RICHARD DUCKER & PHILIP HAUSMEIER 


Private View: Friday 7th October, 6-9pm 

Exhibition runs: Oct 8th – Oct 30th 2011

Angus-Hughes

26 Lower Clapton Rd (at the junction of Urswick Rd)

London E5 0PD 


If Richard Ducker’s previous sculptures turned the detritus of consumer culture into monuments to our obsession with things, this new work turns monumental sculptural tropes into dumb chunks of material poised precariously between ugliness and fascination. ‘Blockhead’ seems to speak of rough marble as a trace of the hand of the artist, yet its grammar and syntax – from the material used, polystyrene, to the disproportionate metal ‘plinth’ from which it collapses – do not quite grasp and relay an intended meaning. Like dyslexic writing, it leaves us uncertain as to whether it is profoundly poetic or badly structured. ‘Dark Matter’ appears to quote a monochromatic tradition, but on close inspection the black shards, insulating material covered in flock, have just as much in common with the discarded props of a pre GCI sci-fi movie, when such concoctions had to make do as interstellar debris floating in deep space or the rough surface of a new planet. Too casually unfinished to convince as a plaster model, ‘Untitled’ (2010) articulates its own awkward pointlessness. Failing to resolve into either sense or nonsense, Ducker’s sculptures turn the artist’s own alienation from language into a shared bodily experience. They disturb the connection between form and meaning, between body and the ‘clean and proper self’ of a subjectivity that has fully entered into language and the semiotic, yet they do not allow us to wallow in abjection and the symbolic. In Ducker’s work, now as before, we are deceived by objects and failed by language, left in conflict between desire and meaning, daftness and poetry.

 --Patrizia Di Bello, October 2011 


The work of Philip Hausmeier explores in a range of media, including installation, video and collage, bodily perception and its environmental correlations, and particularly concentrates on the physical and psychological conditions that define the self as an impermanent and fragmented entity.

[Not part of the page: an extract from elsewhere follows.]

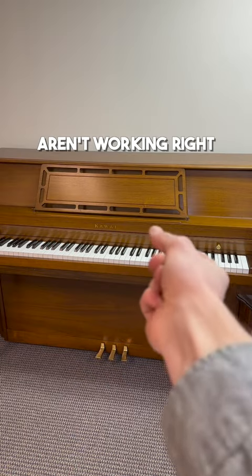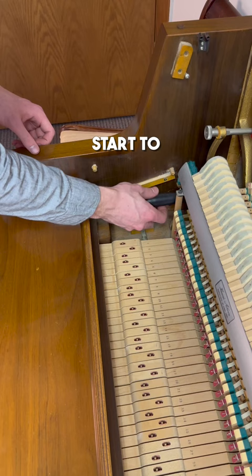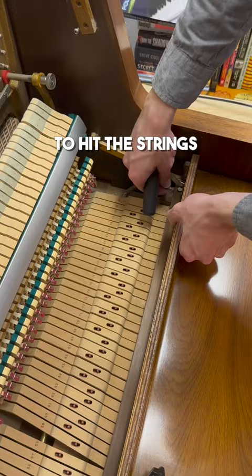This piano has keys that aren't working right, and it's one of the most common problems for old upright pianos. Over time the mechanics of the piano start to wear down, and it causes each note to hit the strings two or even three times, just like this one.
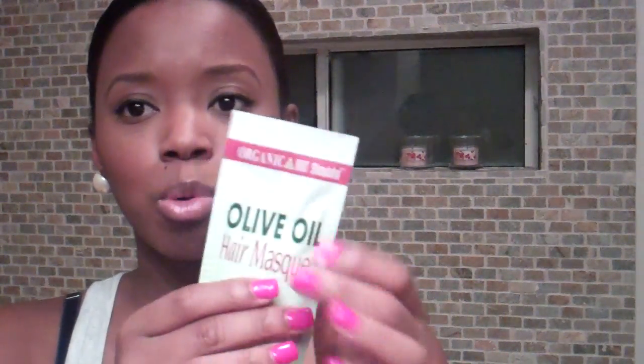I don't know if this one packet will be enough for my hair because I like to use a lot of conditioner when I deep condition. I think I will be deep conditioning for about 45 minutes with this, even though the directions say 10 minutes. I tend to do 30 to 45 minutes normally, so I don't know how I'll do that with this — I'll most likely be following the directions just to see how it really works.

The body is seen as a base material from which to examine potential meanings of subjective feeling. ‘To the other shore’ (2007) shows a projected loop of struggling birds endlessly falling. Immersed in this almost hypnotic sequence the viewer begins to falls with them, and finding nowhere to rest, fluctuates between the filmed image and an internal change of state becoming conscious. This ambiguity between image and subjective feeling is further investigated in Hausmeier’s new series of collages called ‘Uncertain Stages’. Magazine images of musicians and singers caught in their emotional exaggeration on stage are cut and arranged to reform the image to the edge of hovering between abstract formalism and the remains of self-expression. The body as a means for externalizing emotion appears to be in conflict with its surroundings and other bodies, broken and fragmented. Yet at the same time the works seem to present themselves as poetic plays of light and darkness, functioning as extensions of a torn and unstable subjectivity.